Hi, I’m not 100% sure of what is causing you problems, so I apologize if the issue is more complicated.

If you’re interested in log likelihood values for each observation, I would do something like this for the log_zoop observations.

generated quantities {
  matrix[N_tanks, N_time] log_lik_zoop;
  ...
  // --- Likelihood: Zooplankton ---
  for (k in 1:N_tanks) {
    log_lik_zoop[k, 1] = normal_lpdf(log_zoop[k, 1] | alpha_zoop[sal_idx[k]] 
                        + beta_t_chl_to_zoop   * log_chl[k, 1] 
                        + u_zoop[k], sigma_zoop);
  }
  for (k in 1:N_tanks) {
    for (t in 2:N_time) {
      real mu_zoop_kt = alpha_zoop[sal_idx[k]]
                        + phi_zoop * log_zoop[k, t-1]
                        + beta_t_chl_to_zoop   * log_chl[k, t] 
                        + beta_t1_chl_to_zoop  * log_chl[k, t-1] 
                        + u_zoop[k];
      log_lik_zoop[k, t] = normal_lpdf(log_zoop[k,t] | mu_zoop_kt, sigma_zoop);
    }
  }
  ... 
}

And so on.

But, since this is a time series model, you may be more interested in leave-future-out cross validation. If so, I’d start with this paper: https://arxiv.org/pdf/1902.06281

You can avoid the double computation by defining the log_lik values in the transformed parameters block.

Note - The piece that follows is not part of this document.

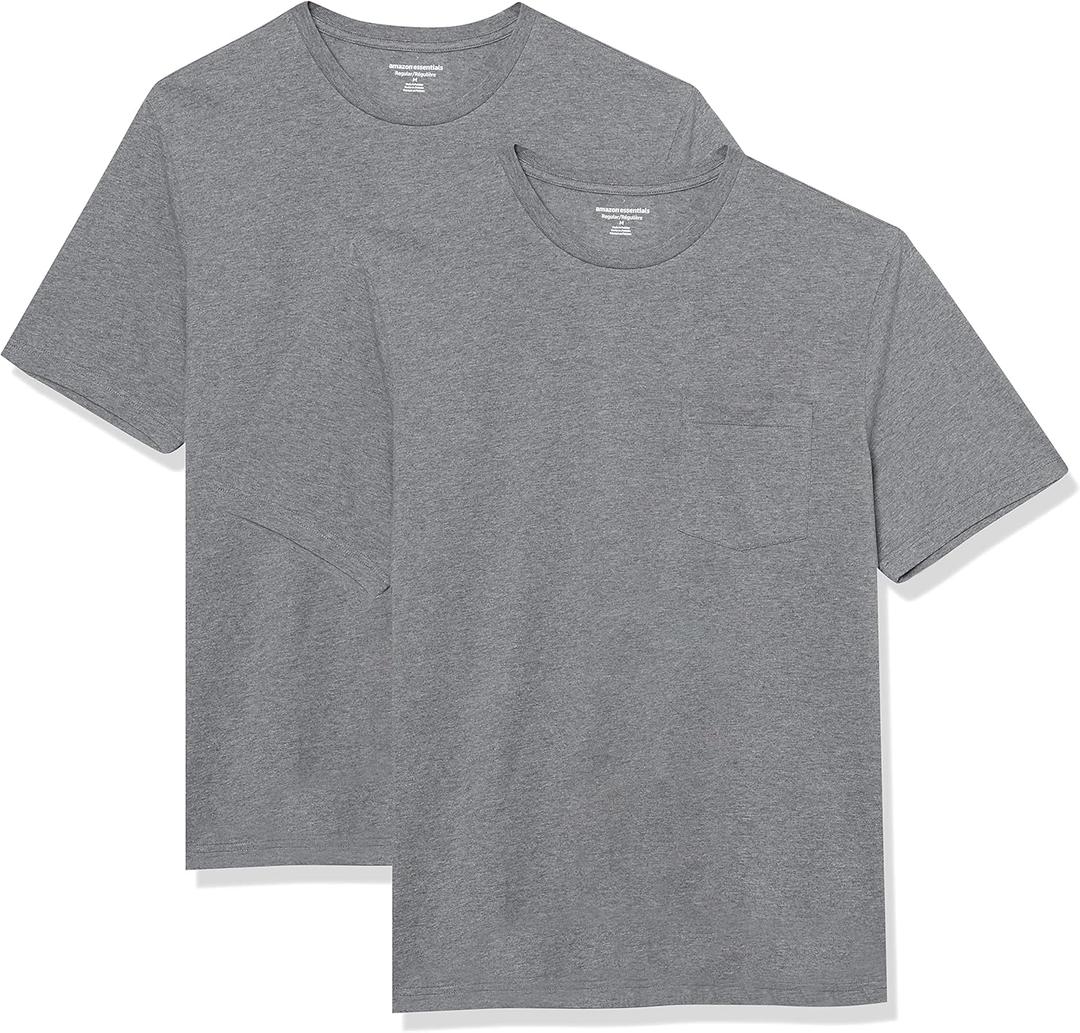 Amazon Essentials Men's T-Shirts, Short-Sleeve Crewneck Pocket, Cotton, 2-Pack (Gray, XS)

And then don’t forget to add

model {
  target += sum(log_lik_zoop);
}

And you do need to worry not only about the fact that you have time series data, but the fact that you have two species. That’s two ways the data are not i.i.d., and most of the model comparison stuff like leave-one-out cross-validation assumes i.i.d. data.

On the other hand, we’re big fans of posterior predictive checks for validating model fits.